# Robustness Checks: Realistic Dataset

**Author:** Tomasz Solis  
**Date:** December 2025  
**Goal:** Test if realistic ITS results hold under stress tests

## Context

Notebook 04 found mixed results:
- Downtown: +53 riders (significant)
- Suburban: +23 riders (not significant)
- Cross-town: +7 riders (not significant)

**Baseline robustness (notebook 03):**
- Placebo: PASSED (16% of real effects)
- Window: EXCELLENT (<5% variation)
- Specs: EXCELLENT (<6% variation)

**Expected for realistic:**
- MORE sensitivity (high noise + small effects)
- Some placebo false positives possible
- More variation across specifications
- Still directionally robust

**What I'm testing:**
Same 4 checks as baseline, but expecting messier results.
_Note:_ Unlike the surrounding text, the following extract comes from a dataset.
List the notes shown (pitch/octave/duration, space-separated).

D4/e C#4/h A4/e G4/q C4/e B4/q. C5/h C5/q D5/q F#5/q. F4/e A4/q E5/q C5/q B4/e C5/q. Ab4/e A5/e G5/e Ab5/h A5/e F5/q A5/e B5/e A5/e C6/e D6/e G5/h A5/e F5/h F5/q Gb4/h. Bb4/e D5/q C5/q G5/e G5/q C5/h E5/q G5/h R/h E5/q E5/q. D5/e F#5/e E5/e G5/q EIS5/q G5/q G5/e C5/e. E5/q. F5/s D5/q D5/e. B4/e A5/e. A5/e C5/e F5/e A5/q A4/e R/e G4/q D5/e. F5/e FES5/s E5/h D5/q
This teaches how to interpret robustness on real-world data.

In [1]:
import pandas as pd
import numpy as np
import plotly.graph_objects as go
from plotly.subplots import make_subplots
import plotly.io as pio
import statsmodels.api as sm
from statsmodels.regression.linear_model import OLS
from datetime import datetime
from pathlib import Path

fig_output_dir = Path("../outputs/figures")
pio.templates.default = "plotly_white"

ROUTE_COLORS = {
    'Downtown': '#1f77b4',
    'Suburban': '#ff7f0e',
    'Cross-town': '#2ca02c'
}

REAL_INTERVENTION = datetime(2024, 1, 1)
baseline_results = {'Downtown': 53.0, 'Suburban': 23.4, 'Cross-town': 7.2}

print("✓ Setup complete")

✓ Setup complete


In [2]:
df = pd.read_csv('../data/hard_mode/transit_ridership_realistic.csv')
df['date'] = pd.to_datetime(df['date'])
df_pre = df[df['date'] < REAL_INTERVENTION].copy()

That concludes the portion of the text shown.